Hi Dean and welcome. That is not a table mounted router job. It's a job for a plunge router. It would be easy to make a duplicate of the cutting board the way you describe with a flush trim bit but not the juice groove. You need to make a template to follow with either a guide bushing and round nose bit or template and round nose bit with matching diameter bearing that fits on the router bit's shaft. I think I've seen a few round nose bits with bearing but usually you would have to buy the bit and bearing separate. That would pretty much limit you to a 1/2 inch round nose bit with 1/4" shaft as the minimum size.


----------



## Bushwhacker (Jun 16, 2009)

That Charles is so smart.


----------



## paduke (Mar 28, 2010)

make a jig. I am not sure if this method will work on the scalloped edge. Make a plywood template of the pattern. Make a second template using the first template and a rabbet bit. This will produce a 2nd template that is concentric to the first but 3/8" smaller from the edge. Do it again using the 2nd and the 3rd will be 3/4" inside. The difference can be reduced by using a larger bearing. (i.e. if you want 5/8" difference use a larger bearing and get a 5/16" rabbet X 2 = 5/8" difference ) You want the difference to equal a router bushing. Use 3rd template on the first template with a pattern/template bit to rout out the interior of the first template. mount first and third templates to the work and with a bushing and cut the groove.
I hope this was clearer than mud. It is how I made the templates I used for my cutting board http://www.routerforums.com/jigs-fixtures/98545-meat-platter-cutting-board.html


----------



## scottgrove (Sep 4, 2016)

very simply as Paduke as explained. One suggestion is to use an extended route base, this will help keep the router stable when making the outside corner cuts.
good luck


----------



## deancruse (Oct 18, 2007)

Some great ideas, guys - thanks! I was initially thinking about this by making/buying a edge guide for my plunge router with a point, or a bearing to ride along the scalloped (that's the right word!) edge. I saw that Bosch makes a roller bearing guide for the trim router. I've also seen what appear to be guides for Dremmels for banding applications. But, I think I'd rather use my larger plunge router for this job. It also seems like it might be a bit hard to control using this method. Anyone have any experience with these types of edge guides?

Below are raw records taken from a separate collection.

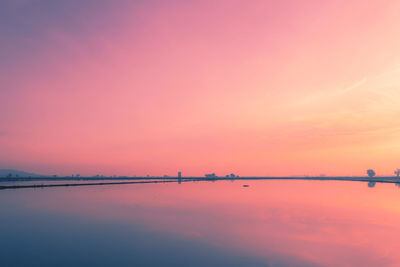 Scenic view of sea against romantic sky at sunset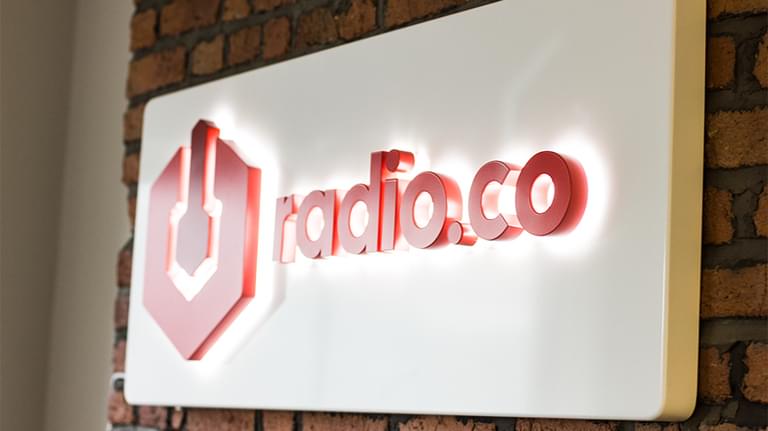 This is a neutral red bricked background with a white and red lit Radioco Sign in the centre of it.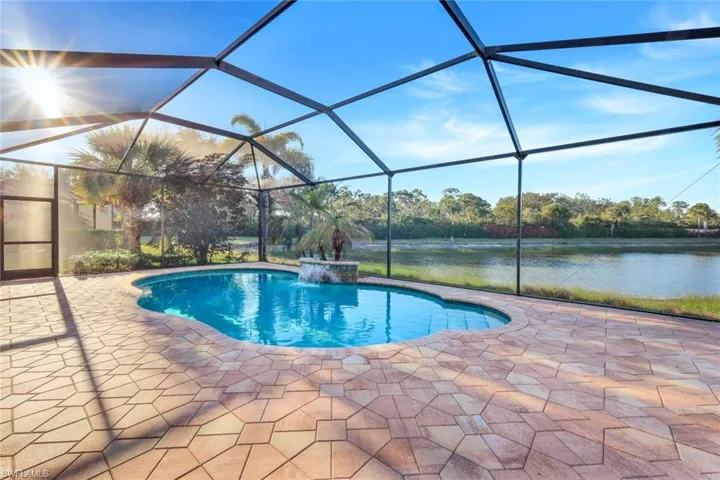 View of swimming pool with pool water feature, a water view, a patio, and a lanai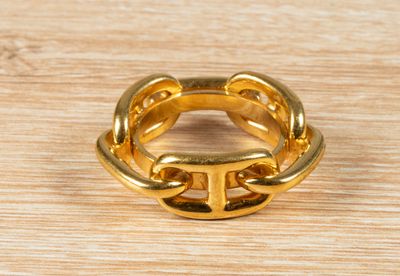 an image of a gold ring on a wooden surface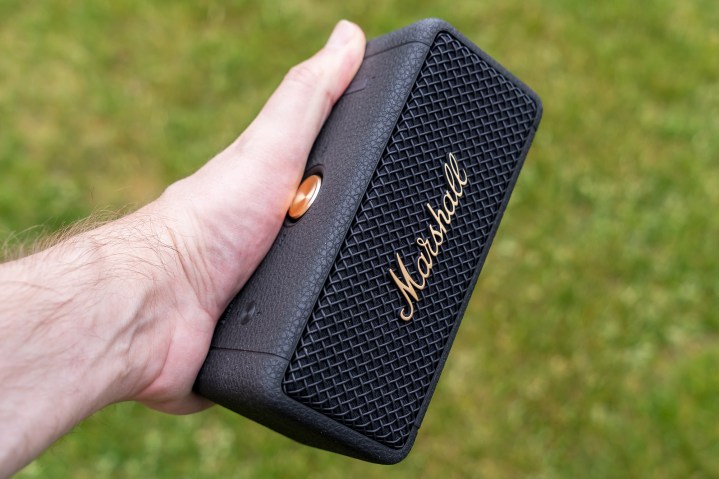 Holding the Marshall Emberton II in hand.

That aside - I think you guys are right - a template and a bearing bit or bushing is the way to go. My template in the photo is a quarter of the final board, but I think I'll make a full size template and then try Bill's method by also making a smaller template so I have a controllable slot for the bushing to ride in. 

Thanks again for the ideas!


----------



## DaninVan (Jan 1, 2012)

Hey, Dean; welcome!
"My template in the photo is a quarter of the final board,..."
-Dean

Whew! I was wondering where the juice was supposed to end up(?).


----------



## Cherryville Chuck (Sep 28, 2010)

Dean Cruse said:


> Some great ideas, guys - thanks! I was initially thinking about this by making/buying a edge guide for my plunge router with a point, or a bearing to ride along the scalloped (that's the right word!) edge. I saw that Bosch makes a roller bearing guide for the trim router. I've also seen what appear to be guides for Dremmels for banding applications. But, I think I'd rather use my larger plunge router for this job. It also seems like it might be a bit hard to control using this method. Anyone have any experience with these types of edge guides?
> 
> That aside - I think you guys are right - a template and a bearing bit or bushing is the way to go. My template in the photo is a quarter of the final board, but I think I'll make a full size template and then try Bill's method by also making a smaller template so I have a controllable slot for the bushing to ride in.
> 
> Thanks again for the ideas!


I thought about suggesting the roller guide Dean but there are several issues to overcome. 1-you have to be able to stay 90* to the edge your are guiding from. 2- you have to be able to keep the router flat while you are working and 3- you have to plunge down to start while doing all this. It's not impossible but it would take some practice to see if you can because it's a lot do all at the same time.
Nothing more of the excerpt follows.